Looking at nursing homes specifically, the American Health Care Association and National Center for Assisted Living published a report in January showing that employment fell by 210,000 between February 2020 and December 2022. At the pace of monthly gains seen early this year, nursing homes would not return to pre-pandemic employment levels until July 2027.

Regulations pose constraints

CarePort’s report also notes the impact of the May 11 termination of the COVID-19 PHE on patient throughput. A key regulation that’s back in effect is Medicare’s requirement that patients stay in the hospital for at least three days before being covered for a SNF stay.

Hospitals also must resume informing Medicare beneficiaries of their right to choose where they go for post-acute care, providing a full list of locally available facilities, and sharing quality metrics on post-acute care providers.

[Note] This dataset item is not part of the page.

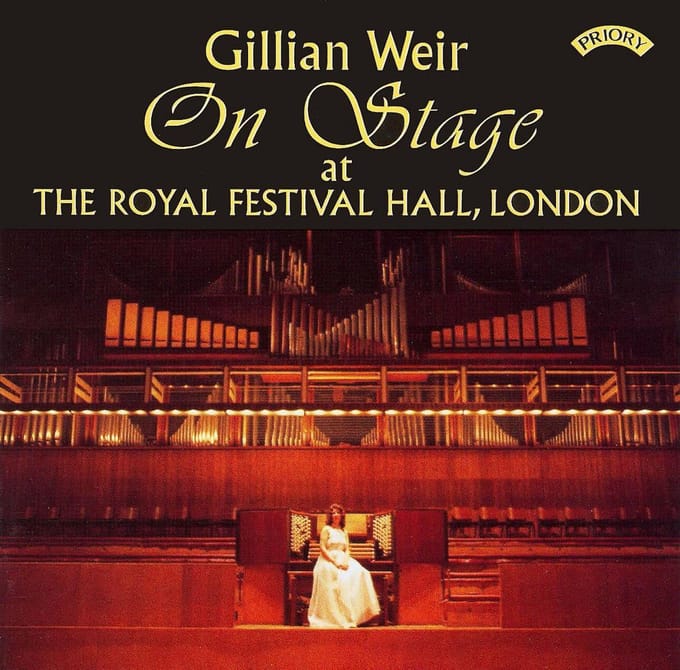 On Stage At The Royal Festival Hall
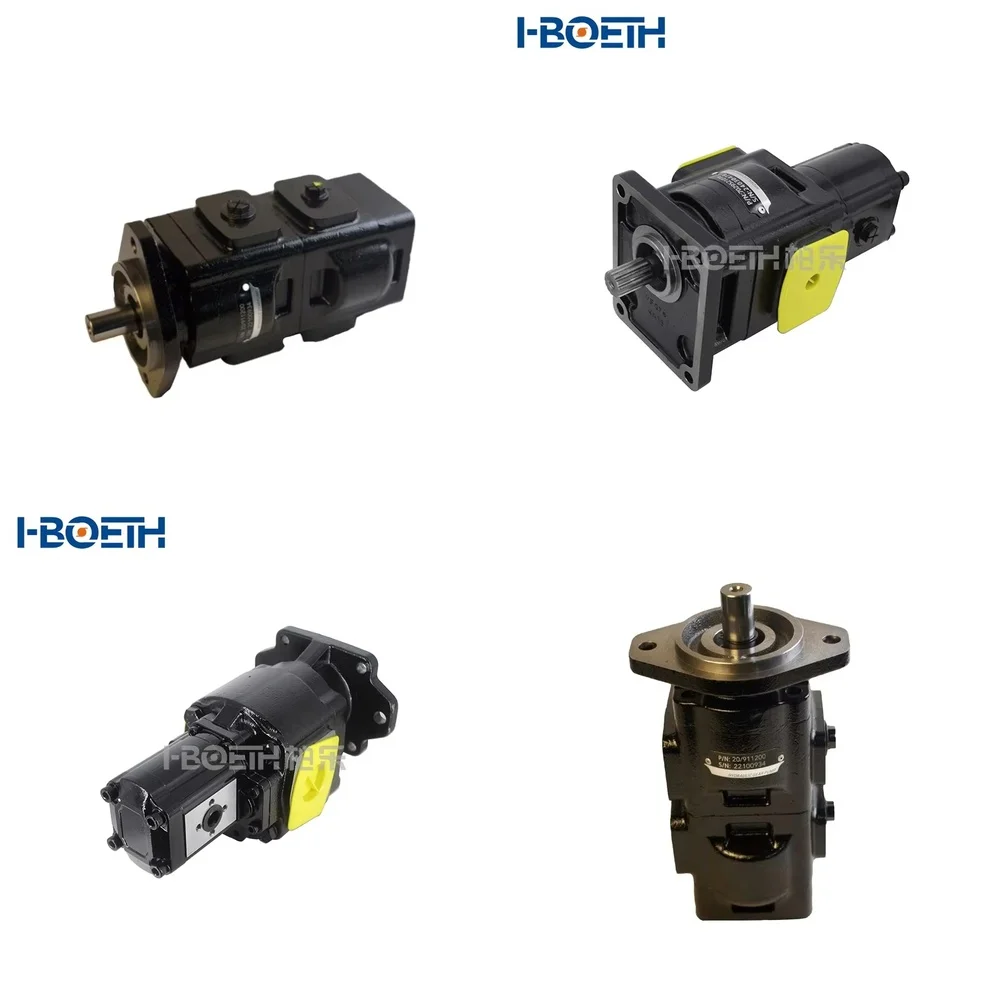 TengFeiHigh Performance Hydraulic Gear Pump for JCB 20 925337 Construction Machinery Parts Excavator Loader Hydraulic System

A potentially bigger regulatory development is an anticipated rule establishing a mandatory staffing ratio for SNFs. In 2022, CMS announced it would be issuing requirements in Spring 2023, but nothing has been released.

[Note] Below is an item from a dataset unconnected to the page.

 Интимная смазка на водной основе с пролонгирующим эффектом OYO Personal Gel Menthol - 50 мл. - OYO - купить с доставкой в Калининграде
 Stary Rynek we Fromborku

While such requirements could improve operations at SNFs that increase staff to meet the mandate, a February report by CLA (CliftonLarsonAllen LLP) noted access would be impacted if facilities close because they can’t find or afford the requisite staff.

Sept. 5 update: On Sept. 1, CMS published a proposed rule that would establish mandatory staffing ratios for long-term care facilities. Specifically, facilities participating in Medicare and Medicaid would be required to provide a minimum of 0.55 hours of RN care and 2.45 hours of nursing aide care per resident per day.

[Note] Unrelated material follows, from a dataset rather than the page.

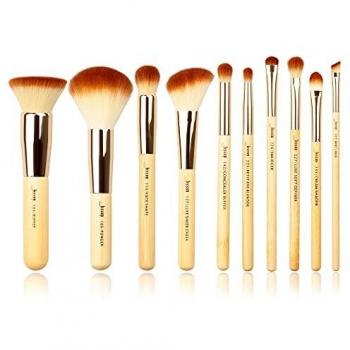 Jessup Beauty - Set de brochas 10 piezas - T136: Bamboo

CMS said the requirement would exceed existing standards in nearly all states, and about three-quarters of nursing homes would have to strengthen staffing in their facilities. Staggered implementation and exemptions would be designed to mitigate any resulting hardships for facilities in rural and underserved communities. For example, the staffing ratios would take effect three years after publication of the final rule for most facilities but five years after publication for facilities in rural areas.

Other facility requirements would include ensuring an RN is on site 24/7 and completing robust facility assessments on staffing needs. The RN requirement would be effective two years after publication of the final year, or three years for facilities in rural areas.

The American Health Care Association said in a statement that the proposal “requires nursing homes to hire tens of thousands of nurses that are simply not there. It then penalizes us and threatens to displace hundreds of thousands of residents when we can’t achieve the impossible.

What hospitals can do

In March, hfm published an Expert Reviewed article by experts with Claro Healthcare, examining how hospitals can enhance patient throughput amid ongoing operational pressures. They wrote that five daily best practices include:

  • Operations huddles
  • Patient progression rounds
  • Afternoon unit huddles
  • Real-time demand capacity huddles
  • Night-shift handoffs

“Although clinicians must take the lead, the ability to effectively address throughput challenges requires a team-based approach involving participation by the care team, operations, finance and transport,” the authors wrote.

Organizations across the care continuum are taking steps to bolster recruitment and retention and to incorporate new processes, Nelson said. At hospitals, these steps include “offering flexible scheduling and compensation, as well as investing in new models of care such as increases in virtual care and hospital at home — which expand staffing and physical bed capacity to treat patients.”